End-to-End Predict-then-Optimize (EPO)

Updated 26 January 2026

End-to-End Predict-then-Optimize (EPO) is a unified machine learning–optimization paradigm that integrates prediction and decision-making via differentiable loss functions.
It employs techniques like implicit differentiation, surrogate losses, and unrolled algorithms to propagate gradients through optimization layers effectively.
EPO frameworks have demonstrated practical gains in applications such as portfolio optimization, resource allocation, and real-time decision-making, significantly reducing decision regret.

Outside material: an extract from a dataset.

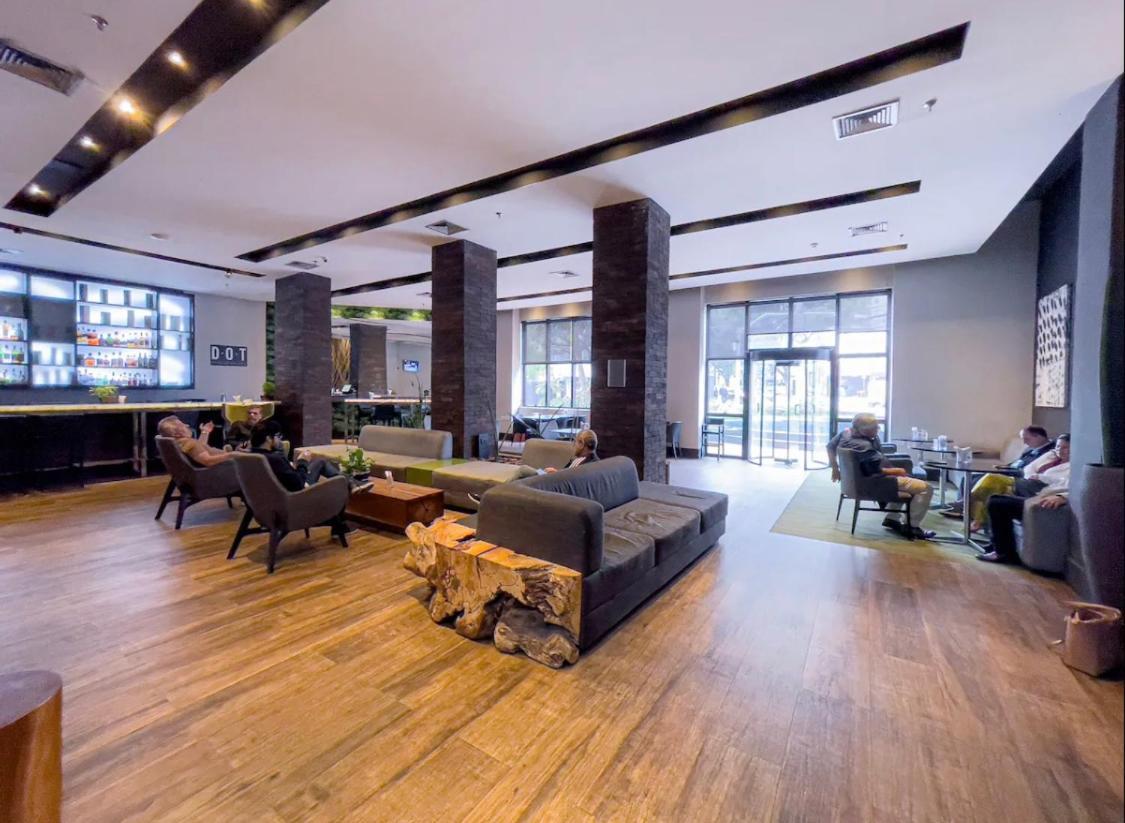 Flat De Luxo Em 4e Na Av Ibirapuera Em Moema * Sao Paulo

End-to-End Predict-then-Optimize (EPO) describes a unified machine learning–optimization paradigm in which predictive models are trained directly for downstream decision quality rather than purely for predictive accuracy. Unlike the traditional two-stage “predict then optimize” pipeline—which estimates unknown problem parameters and solves a decision problem separately—EPO frameworks integrate the optimization task as a differentiable “layer” or learning target within model training. The objective is to address the well-documented phenomenon that minimizing prediction error does not necessarily yield optimal decisions when the decision rule is highly sensitive or nonlinearly related to prediction error. Recent research proposes various architectures, loss functions, and training principles enabling EPO across linear, combinatorial, multi-stage, and stochastic optimization settings.

1. Core EPO Principles and Loss Structures

At the heart of EPO is the direct coupling of prediction and decision through an end-to-end differentiable loss that reflects both predictive fit and decision impact. In SimPO (Zhang et al., 2022), the composite loss is formalized as

$F(\theta) = l(y_{\rm train}, \hat y_{\rm train}(\theta)) \cdot \omega(\tilde z, z^*_{\rm train}, \alpha) + \mathbf{E}_{y\sim\Pr(y|x,z;\theta)}[g(\tilde z, y)] \cdot \gamma(z^*_{\rm train}, z^*_{\rm test}, \beta)$

where $l$ is a standard prediction loss (e.g., MSE), $g$ is the downstream optimization cost evaluated in expectation, and $\omega, \gamma$ are weighting functions modulating trade-offs between prediction fidelity and decision sensitivity. The special case $L_{\rm total}(\theta) = \alpha l + (1-\alpha) \min_z \mathbf{E}[g(z, y)]$ appears widely as the canonical EPO objective.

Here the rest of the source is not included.